Mentre i mediatori spingono per accelerare, un funzionario di Hamas ha confidato a Al Araby Al Jadeed la disponibilità a distanziarsi dal ramo gazano del gruppo – notizia non verificata – e ha posto come priorità il rilascio di sette detenuti anziani noti come “big seven”, tra cui Marwan Barghouti con cinque ergastoli e Nayef Barghouti con la pena palestinese più lunga al mondo. Netanyahu ha già tagliato corto con il ministro Itamar Ben Gvir: esclusi Barghouti e i miliziani Nukhba coinvolti nei massacri del 7 ottobre 2023. Israele prepara una lista di 250 ergastolani su 280 detenuti, più 1.700 arrestati a Gaza post-attacco, come da piano Trump.
I big del negoziato – l’inviato Usa Steve Witkoff, il genero di Trump Jared Kushner, Ron Dermer e il capo Mossad David Barnea – entreranno in scena nei prossimi giorni, una volta superate le questioni tecniche. L’intelligence egiziana supervisionerà, con un incontro finale previsto entro fine settimana. Un portavoce americano ha ribadito a Sky News Arabia che la liberazione degli ostaggi è il fulcro, capace di sbloccare il resto.

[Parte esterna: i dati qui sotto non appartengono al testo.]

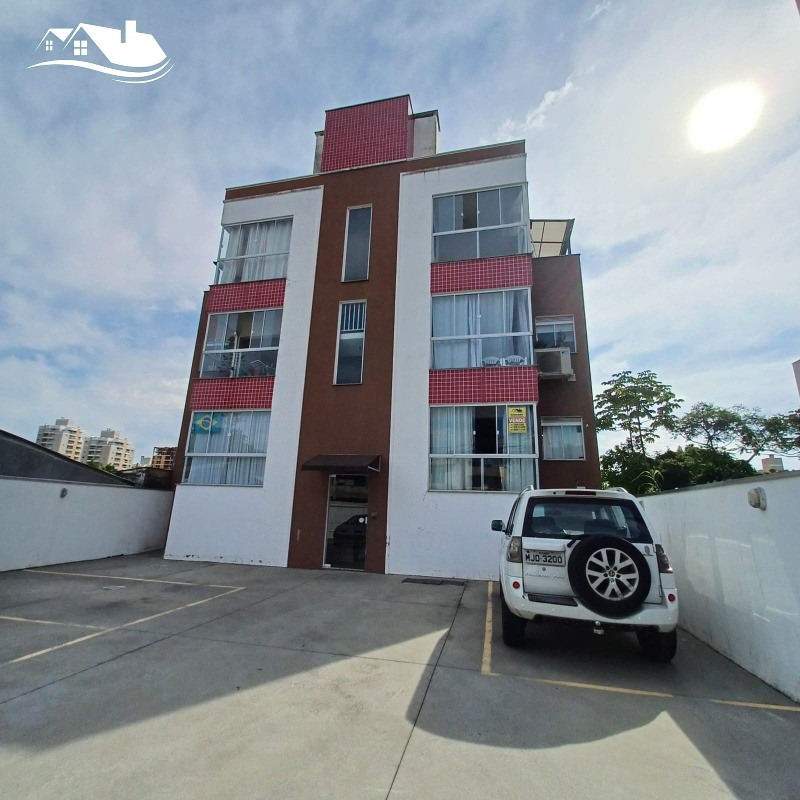 Apartamento em Camboriú no bairro São Francisco de Assis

A Gaza, però, l’attesa non ferma l’offensiva: l’IdF ha colpito cellule terroristiche pronte ad attaccare, mantenendo il ritmo dei raid. Fonti israeliane e di Washington trapelano ottimismo per un’intesa sugli ostaggi già domenica, ma la delicatezza del momento – con dettagli secretati – lascia trapelare solo briciole, in un processo che Trump vuole chiudere in fretta per non dissipare slancio prezioso. Se il primo round è stato un passo avanti, il vero test arriverà con i numeri concreti, in un conflitto che reclama non solo parole, ma azioni capaci di ridisegnare confini e destini.